#### Exercise instructions
Among the entries below, the lines from the one with "image for item" up to and including the one with "#7811-•-cattle" are to be restated exactly, without pictures.

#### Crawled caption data
^^^^^^^^

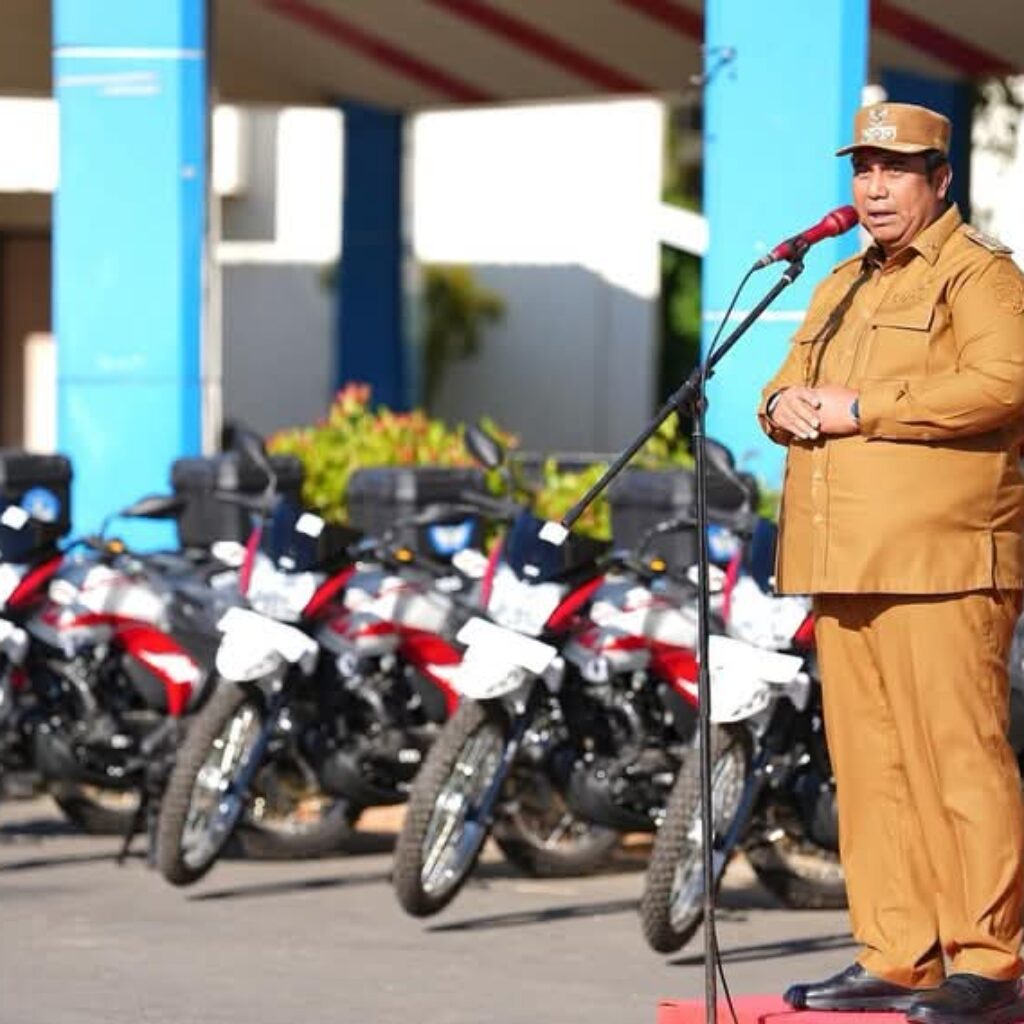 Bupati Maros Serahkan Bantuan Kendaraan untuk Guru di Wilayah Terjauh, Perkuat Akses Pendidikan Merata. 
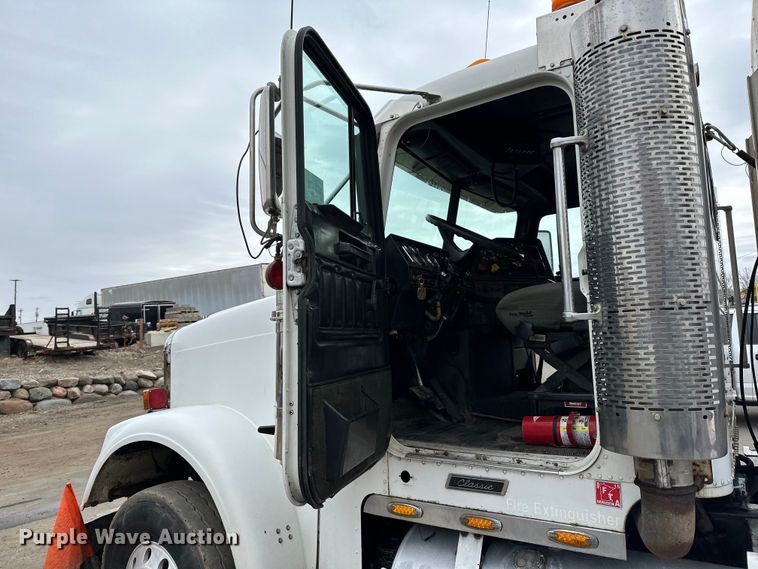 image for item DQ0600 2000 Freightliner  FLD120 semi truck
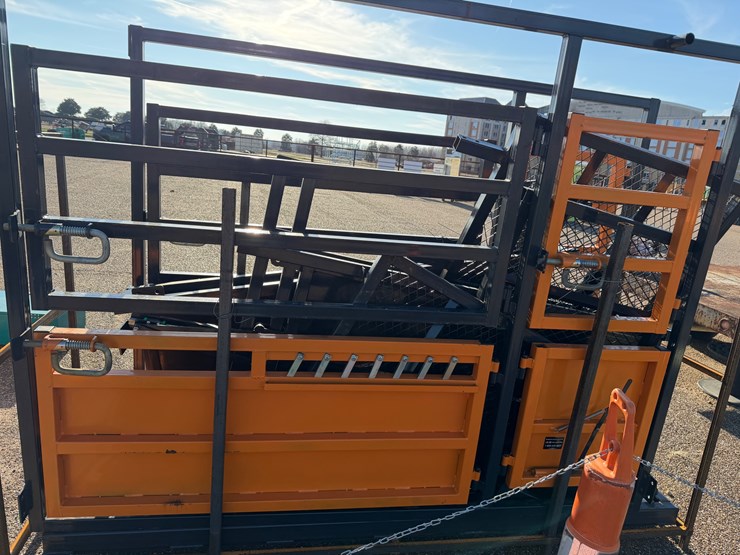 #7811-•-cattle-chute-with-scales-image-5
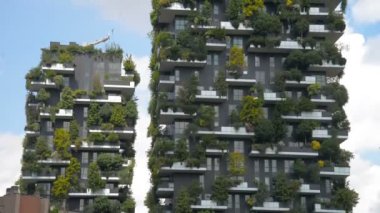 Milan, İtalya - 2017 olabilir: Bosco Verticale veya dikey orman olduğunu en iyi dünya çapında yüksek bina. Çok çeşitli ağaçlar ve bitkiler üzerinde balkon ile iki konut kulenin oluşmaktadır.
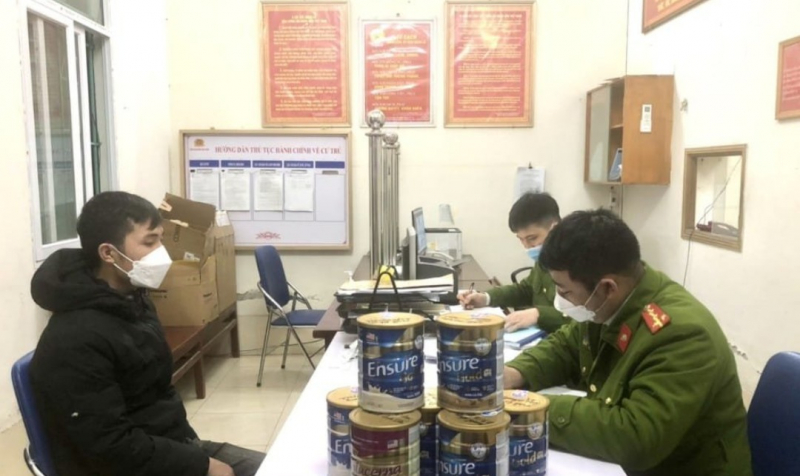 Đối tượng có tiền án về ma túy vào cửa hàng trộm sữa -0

^^^^^^^^

#### Answer section
 image for item DQ0600 2000 Freightliner  FLD120 semi truck
 #7811-•-cattle-chute-with-scales-image-5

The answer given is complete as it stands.